Lo spuntino che ci propinano a bordo è a dir poco agghiacciante: un box di cartone contenente vari campioni di jung-food, si spazia dai salatini gusto pizza, ai wafer ricoperti di cioccolato, transitando su una merendina drammaticamente dolce, fino a raggiungere le vette del sublime con una barretta all’italianissimo gusto cappuccino… per buttare giù tutto in soccorso viene un succo di frutta all’albicocca. Se a bordo c’erano dei diabetici, li avremo sulla coscienza per sempre. Altra bizzarra abitudine: distribuiscono i box e dopo esattamente cinque minuti cinque, passano a ritirare i vuoti; ho visto gente strafogarsi o nascondere gli snack in tasca e nelle borse pur di non contrariare la giunonica hostess. Dopo lo strafogarsi entra in ballo il sonno comatoso… sarà la glicemia alle stelle, vai a sapere. Dietro di noi una sosia di Sandra Mondaini russa come una locomotiva, al richiamo risponde un vecchietto davanti a noi che sembra un trattore, una signora davanti a me danneggerà irrimediabilmente i miei menischi reclinando senza alcun preavviso il suo sedile. I passeggeri dall’altro lato del corridoio sono più composti: una ragazza non si capisce se dorme o medita, un ragazzo sui trenta è precipitato in coma appoggiando la fronte al sedile di fronte, sarà un risveglio pieno di dolore il suo. Quanto a noi: Carramba che sorpresa! La nostra vicina di sedile è nientemeno che la sosia di Loredana Lecciso, ma la versione simpatica. Proveremo anche a parlare, con risultati improbabili, considerato che il mio esame di spagnolo all’università è stato “se le chiedo – donde estas la salida- cosa le sto chiedendo?” “dove è l’uscita”. Stop. Esame superato.

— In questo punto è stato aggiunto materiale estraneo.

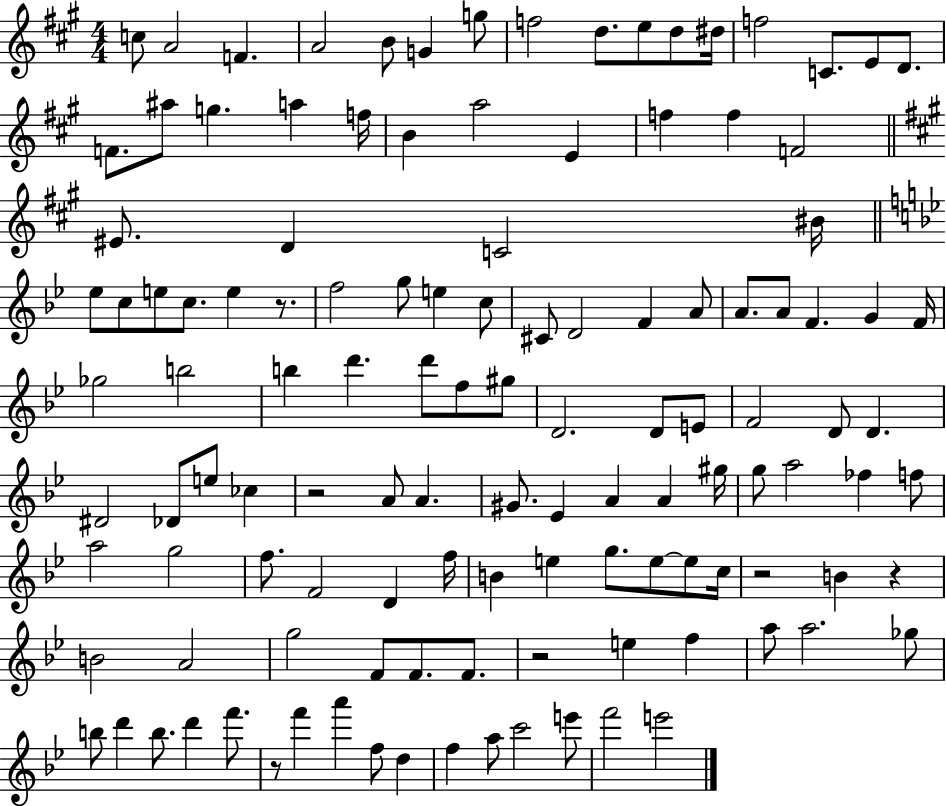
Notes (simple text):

C5/e A4/h F4/q. A4/h B4/e G4/q G5/e F5/h D5/e. E5/e D5/e D#5/s F5/h C4/e. E4/e D4/e. F4/e. A#5/e G5/q. A5/q F5/s B4/q A5/h E4/q F5/q F5/q F4/h EIS4/e. D4/q C4/h BIS4/s Eb5/e C5/e E5/e C5/e. E5/q R/e. F5/h G5/e E5/q C5/e C#4/e D4/h F4/q A4/e A4/e. A4/e F4/q. G4/q F4/s Gb5/h B5/h B5/q D6/q. D6/e F5/e G#5/e D4/h. D4/e E4/e F4/h D4/e D4/q. D#4/h Db4/e E5/e CES5/q R/h A4/e A4/q. G#4/e. Eb4/q A4/q A4/q G#5/s G5/e A5/h FES5/q F5/e A5/h G5/h F5/e. F4/h D4/q F5/s B4/q E5/q G5/e. E5/e E5/e C5/s R/h B4/q R/q B4/h A4/h G5/h F4/e F4/e. F4/e. R/h E5/q F5/q A5/e A5/h. Gb5/e B5/e D6/q B5/e. D6/q F6/e. R/e F6/q A6/q F5/e D5/q F5/q A5/e C6/h E6/e F6/h E6/h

Però sorridiamo entrambe, lo considero un buon segnale. Atterriamo a Trelew, scendono e salgono alcuni invasati del trekking estremo, e al momento del decollo, tutti belli legati, personale di bordo idem, ma non partiamo. Non capisco… Semplice: un signore sull’ottantina è entrato in toilette esattamente nello stesso istante in cui ci si preparava per il decollo, stoppa tutto, finché lui non esce non si può decollare. Sembra di essere a bordo dell’aereo più pazzo del mondo!
Me ne convinco definitivamente quando scopriamo che l’aeroporto di Ushuaia altro non è che una baita tutta in legno: pavimenti, muri, soffitti tutto legno; un unico ambiente per arrivi e partenze, e per completare il quadro mettiamoci pure il personale che ci lavora vestito come i folletti di Babbo Natale, e voilà, siamo a posto.
Bienvenido a Ushuaia, romanticamente detta “il culo del mondo”.